When Alice wants to mention Bob, she types:
@Bo
The editor might suggest Bob and insert:
<a href="https://bob.example.org/">@Bob</a>
The address book does not need to be global or shared. It may contain contacts
collected from the author's subscriptions, reading history, or manual entries.
Multiple identities
Universal Mentions do not assume that a person has one canonical identity.

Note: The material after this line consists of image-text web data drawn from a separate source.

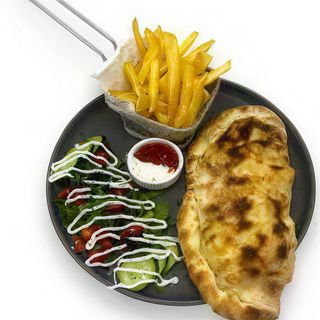 Calzone Quatre Fromages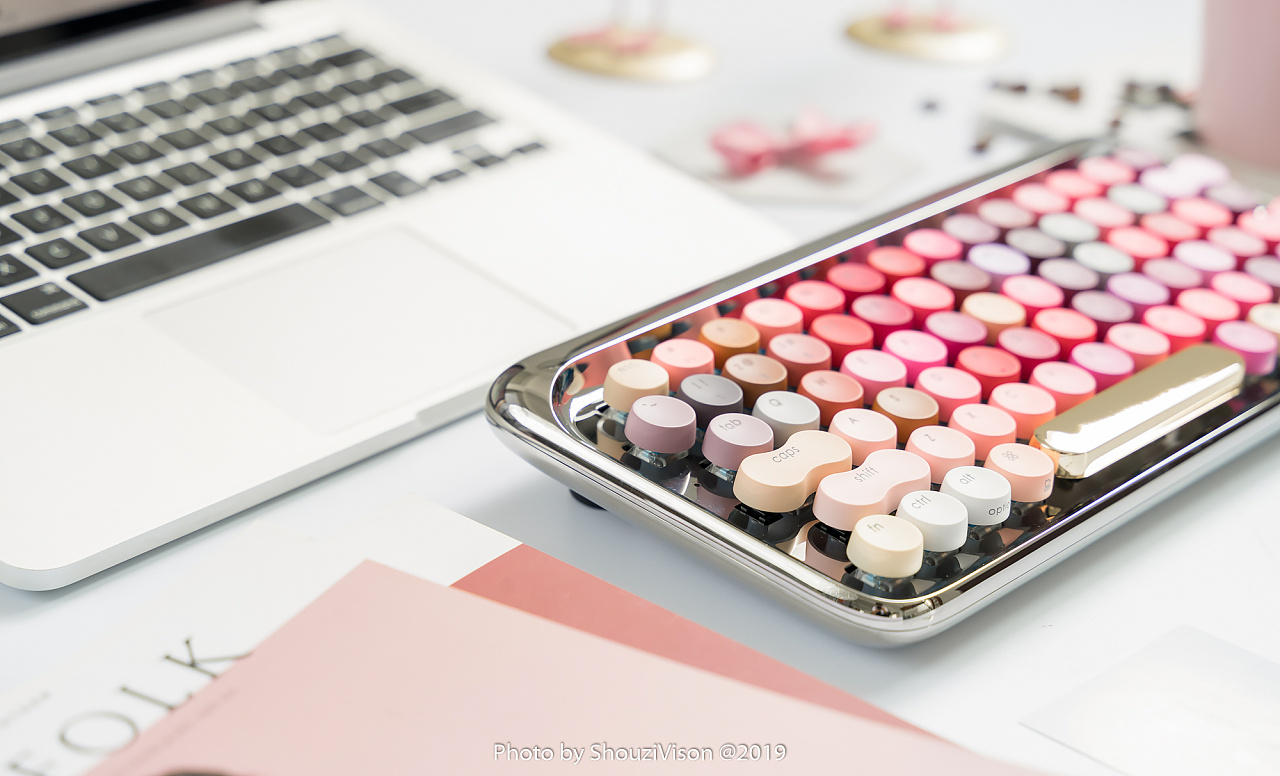 静物练习:洛斐绽放口红色号机械键盘图赏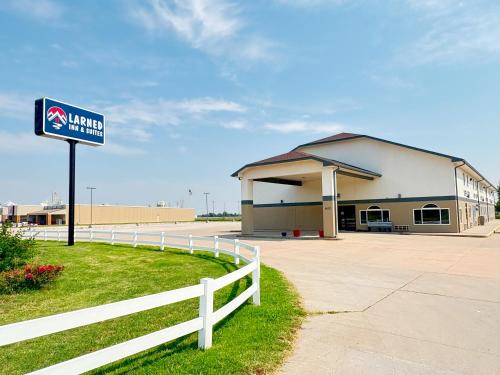 Larned Inn & Suites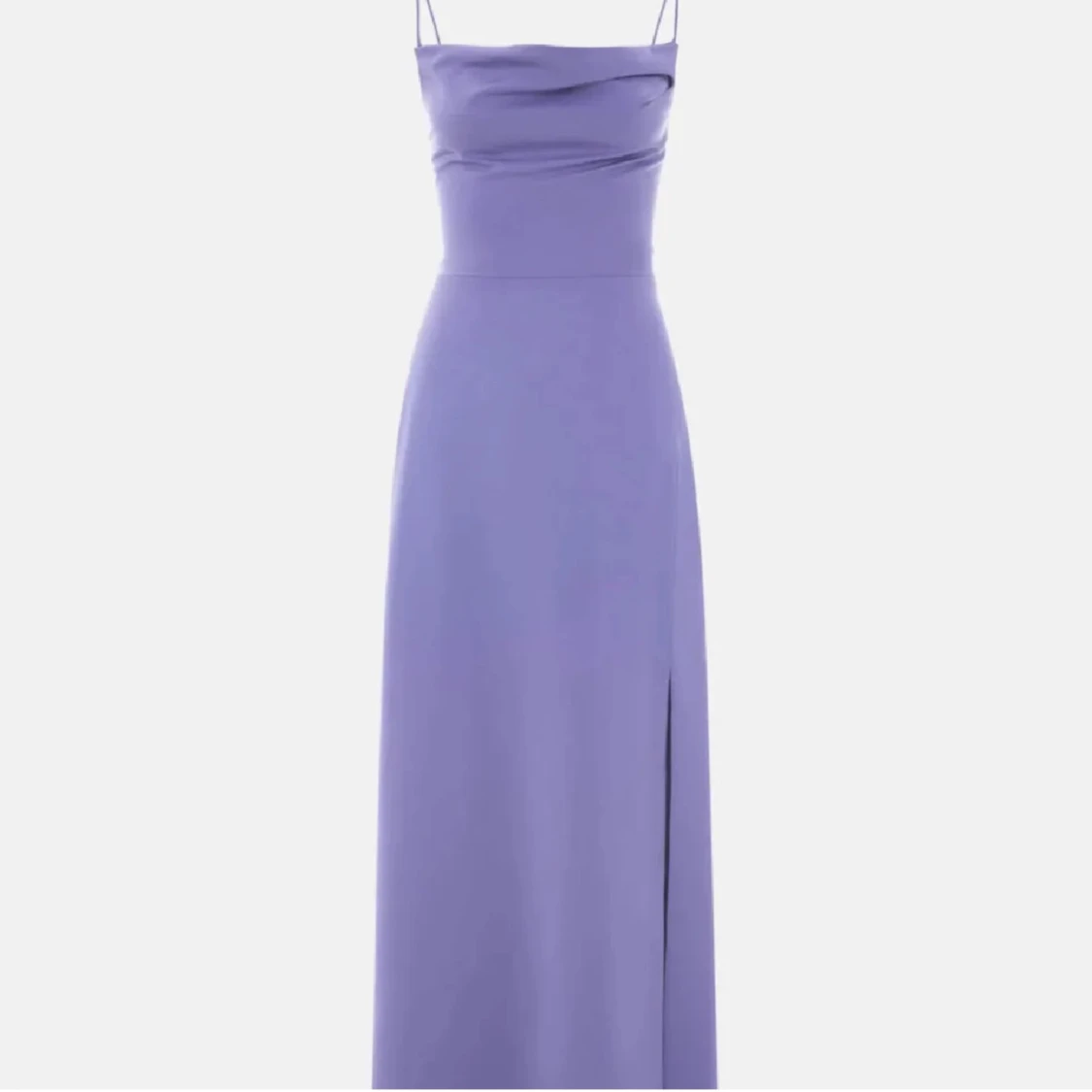 Ljuslila klänning  - 92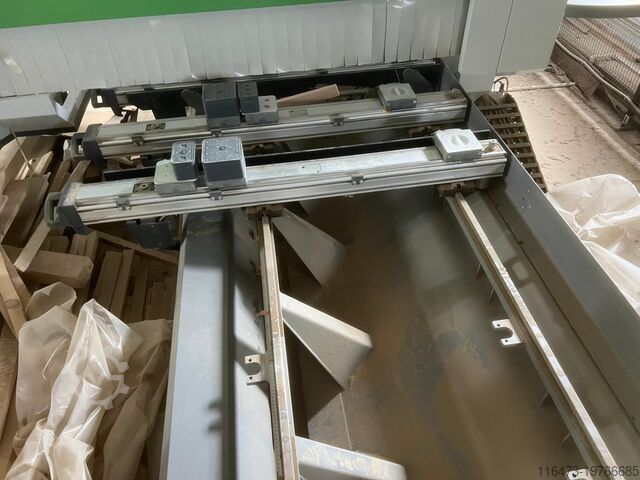 Numerisch gesteuertes Bearbeitungszentrum BIESSE Rover A 1643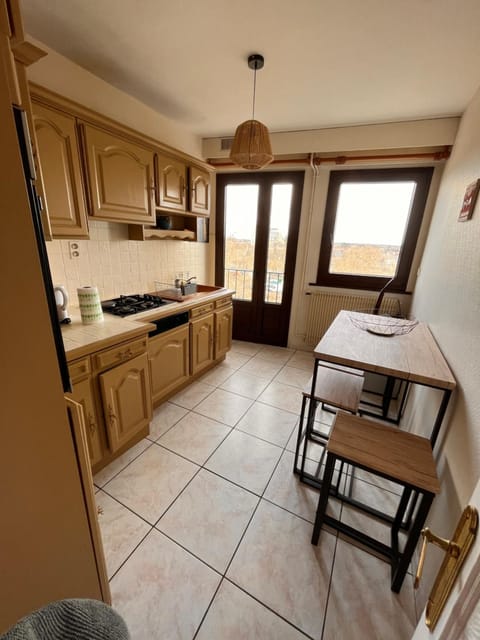 Appartement lumineux centre ville Apartment in Centre-Val de Loire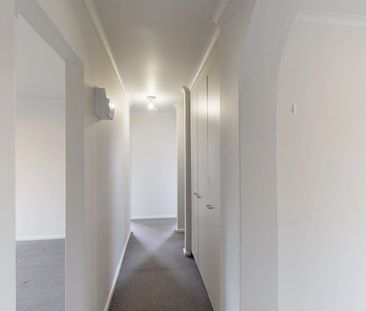 Large Apartment In A Great Location - Photo 4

A person may have several sites:
<a href="https://alice.example.com/">@Alice</a>
<a href="https://alice.example.org/">@Alice's notes</a>
<a href="https://photos.example.net/alice/">@Alice's photos</a>
Each link identifies its target by URL. Writing tools may label and organize
those URLs however they like.
Feed discovery
Mentioned sites need no Universal Mentions-specific endpoint. They must provide
standard feed autodiscovery at the mentioned URL. Feed autodiscovery simply
means adding a <link> tag inside the page's HTML <head>:
<link rel="alternate" type="application/rss+xml" href="/feed.xml">
Atom and JSON Feed autodiscovery work too:
<link rel="alternate" type="application/atom+xml" href="/feed.atom">
<link rel="alternate" type="application/feed+json" href="/feed.json">
Good feed metadata makes better profile cards.

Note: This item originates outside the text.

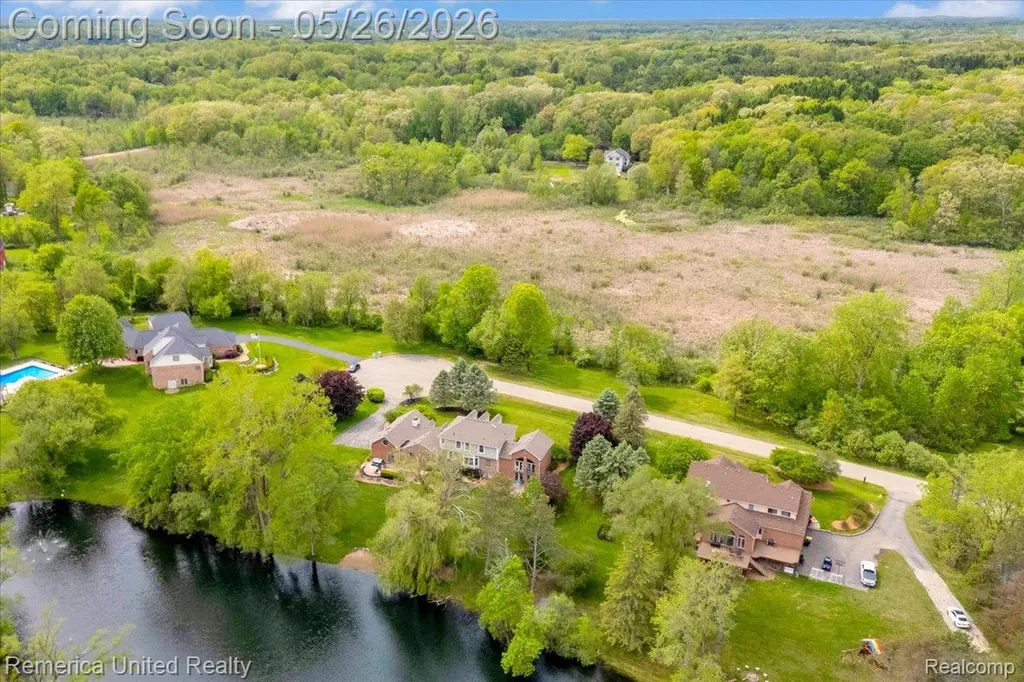 9422 Deer Creek Court Brighton Township MI 48114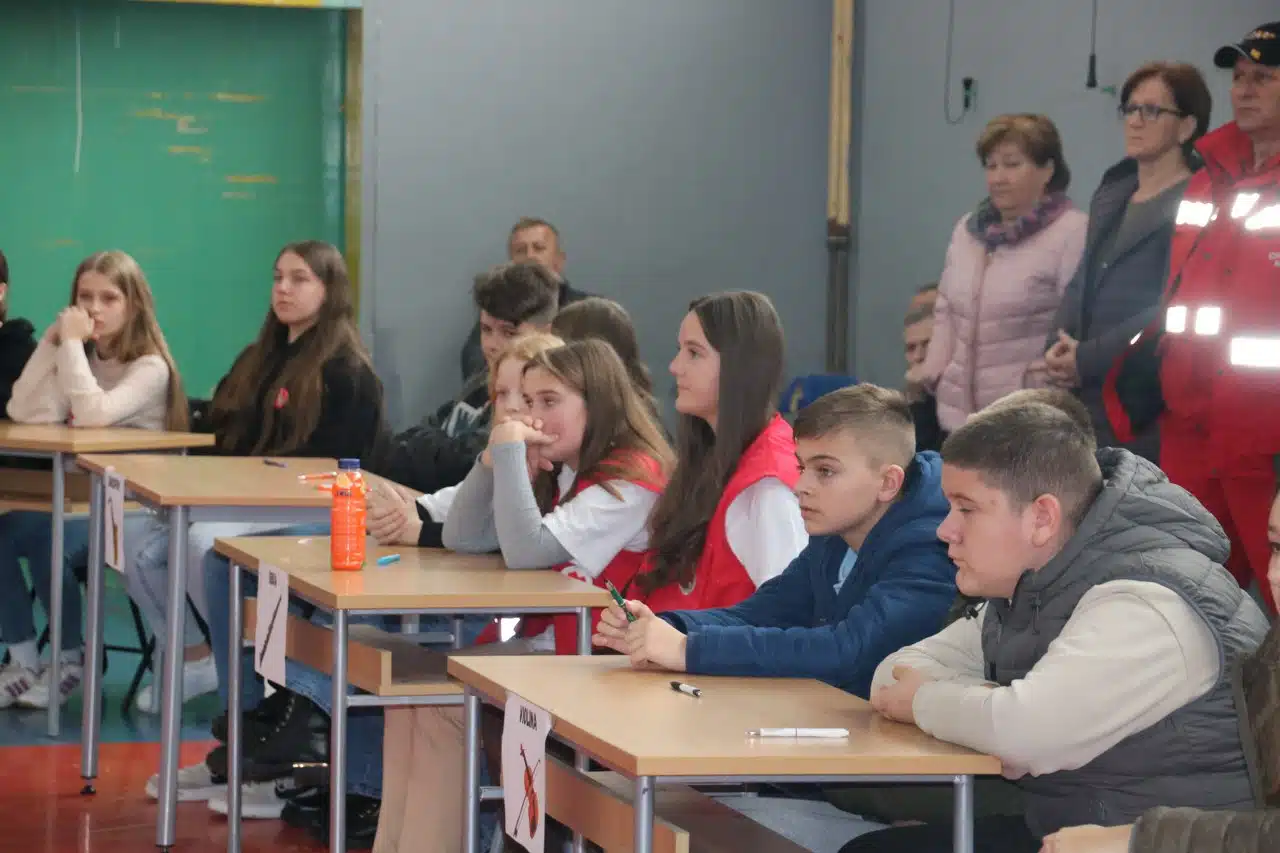 U Sapni održano kantonalno takmičenje iz upozoravanja na opasnost od mina (AUDIO+FOTO)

Relationship with Webmention
Webmention answers:
How do I notify a page that I linked to it?
Universal Mentions answer:
How does a reader recognize a social mention and offer a profile and
subscription experience?
They are complementary and independent. A publisher may send a Webmention
after publishing a Universal Mention, but Universal Mentions do not require
notifications.
Relationship with microformats
Microformats can provide richer link semantics:
<a class="h-card" href="https://alice.example.com/">Alice</a>
Universal Mentions solve a narrower authoring and reader-UX problem by using
the familiar @ convention. Software may support both:
<a class="h-card" href="https://alice.example.com/">@Alice</a>
Relationship with ActivityPub
ActivityPub provides a protocol for federated social networking. Universal
Mentions do not.
Universal Mentions are only a convention for recognizing social links inside
ordinary HTML content. They can be used with ActivityPub, Webmention, RSS,
Atom, JSON Feed, or none of them.
Non-goals
Universal Mentions are not:
- a notification system;
- a global username system;
- a replacement for Webmention or ActivityPub;
- a new meaning for HTML links;
- a requirement for generic browsers;
- a plain-text mention format.
The short version
Writers create an ordinary link whose label begins with @. The target page
provides standard feed autodiscovery.
Readers may use that hint to discover the target site's feed and offer a local
profile card and Subscribe button.
Everyone else sees an ordinary link.